Aber genau diese frühe Demokratie war der Hinderungsgrund. Kann in anderen Staaten das Parlament dieses Recht einführen, ist das für die Schweiz nur durch eine Verfassungsänderung möglich – und diese erforderte einen Volks­entscheid. Und das Volk ist nun mal im Durchschnitt weniger aufgeklärt als die politische Elite. Ausserdem: Politik ist Männersache und der männliche Souverän lässt sich seine Privilegien nicht aus der Hand nehmen. Über 100 Jahre lang kämpfen die Schweizerinnen für ihr Stimm- und Wahlrecht. Schon 1868 verlangen die Zürcherinnen das aktive und passive Wahlrecht. Ihre Bemühungen verwehen. Frauen rufen Vereine für ihr Anliegen ins Leben, sie streiken, marschieren in einem friedlichen Demonstrationszug nach Bern und thematisieren die wertvolle Mitarbeit der Frauen in der Wirtschaft und in Bereichen des öffentlichen Lebens. Maler Hans Erni empfiehlt ihnen: «Liebesentzug».

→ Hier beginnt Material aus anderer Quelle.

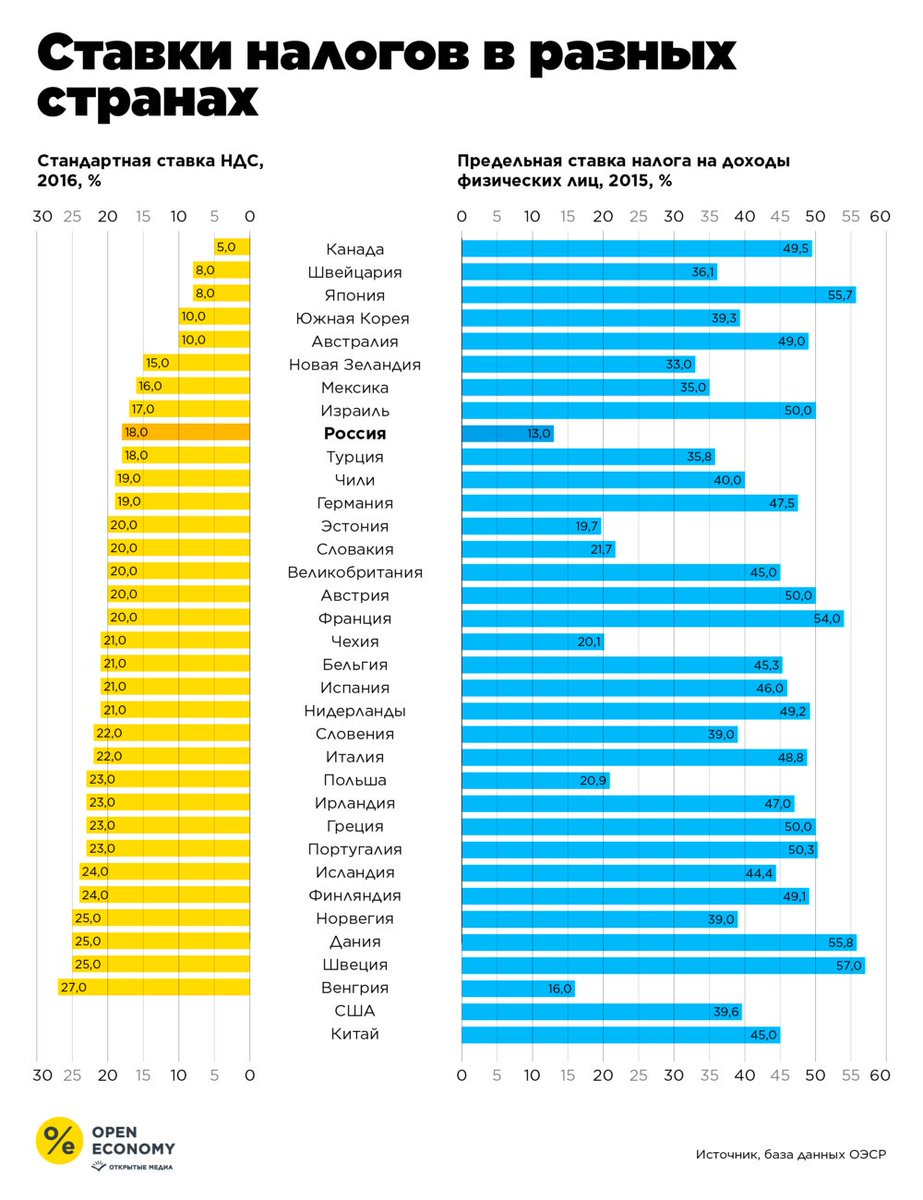 В каких странах самые высокие налоги проект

Steter Tropfen höhlt den Stein

Es sind etliche Abstimmungen, Vorstösse, und Gerichtsurteile nötig, bis am 7. Februar 1971 die Männerbastion fällt. ­«Endlich, endlich, endlich. Von mir fallen Zentner» – so erleichtert war Gerdrud Heinzelmann, aktive Kämpferin für die Gleichberechtigung der Frauen.

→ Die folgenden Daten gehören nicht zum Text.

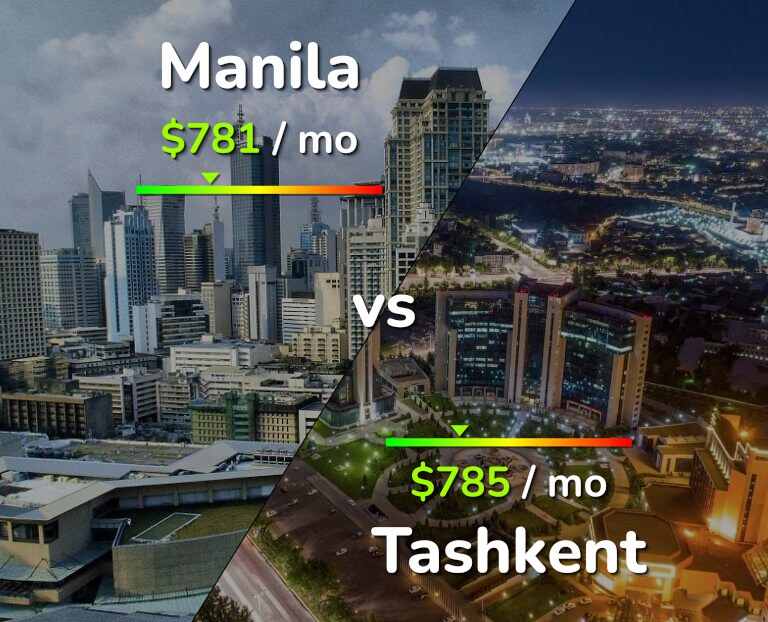Cost of living in Manila vs Tashkent infographic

Bei den eidgenössischen Wahlen vom 31. Oktober 1971 sind erstmals Frauen wahlberechtigt und wählbar. 13 Jahre ­später wird Elisabeth Kopp die erste gewählte Bundesrätin. Der Gang durch die Ausstellung im Landesmuseum zeigt, wie lange die Schweizerinnen auf ihre Rechte pochen mussten. Im Kampf um Gleichberechtigung gehen sie immer wieder auf die Strasse und machen mit Transparenten ihre Forderungen deutlich. Spruchbänder sind auch Wegweiser durch den chronologisch gestalteten Rundgang.

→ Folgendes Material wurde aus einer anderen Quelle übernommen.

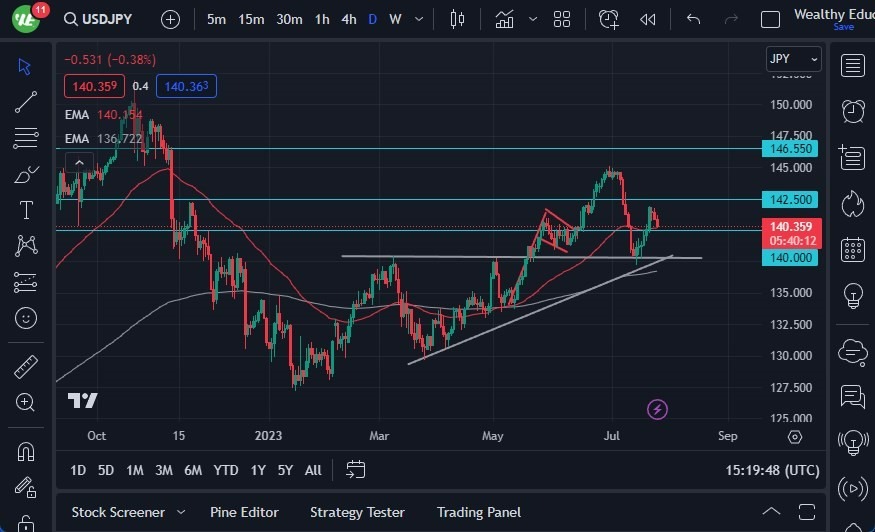 Gráfico del Pronóstico USD/JPY Gráfico del Pronóstico USD/JPY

Schritt für Schritt werden Frauen mobiler, fahren Velo, studieren und reisen. Ein schwebendes Objekt der Künstlerin Erica Pedretti zeigt Flügel, die hoch hinaus wollen. Von der Schwerkraft befreit,  könnten sie aber – wie Ikarus – abstürzen. Ein Fingerzeig, wie nahe Höhenflug und Absturz in der Geschichte der Frauenemanzipation beieinanderliegen.

Fünfzig Pionierinnen treffen

Eine Botschaft bringt das Video «Ever Is Over All» von Pipilotti Rist. Eine junge Frau in einem leichten hellblauen Kleid und roten Schuhen geht beschwingt und leichtfüssig die Strasse hinunter. Die Ästhetik ihrer Bewegungen zeigt ein Gefühl von Freiheit und Selbstbefreiung.

Interessiert man sich für Biografien, trifft man fünfzig Pionierinnen aus verschiedenen Bereichen des Lebens. Dazu zeigt die aktuelle Sonderausstellung, die noch bis 18. Juli läuft, herausragende Zeitzeugnisse, Plakate, Literatur und Objekte aus den eigenen Beständen und internationalen Sammlungen.

Die Fülle und Qualität der Auswahl ist beeindruckend. Mit Touchscreen und gut lesbaren Texten lassen sich die Themen erweitern und vertiefen.

Wo stehen wir heute, 50 Jahre später, in Sachen Bürgerrechte, Emanzipation und Gleichstellung? Der Rundgang widmet sich den wichtigsten Fragen zu historischen Ereignissen – und zeigt, welche Kämpfe Frauen noch immer ausfechten müssen.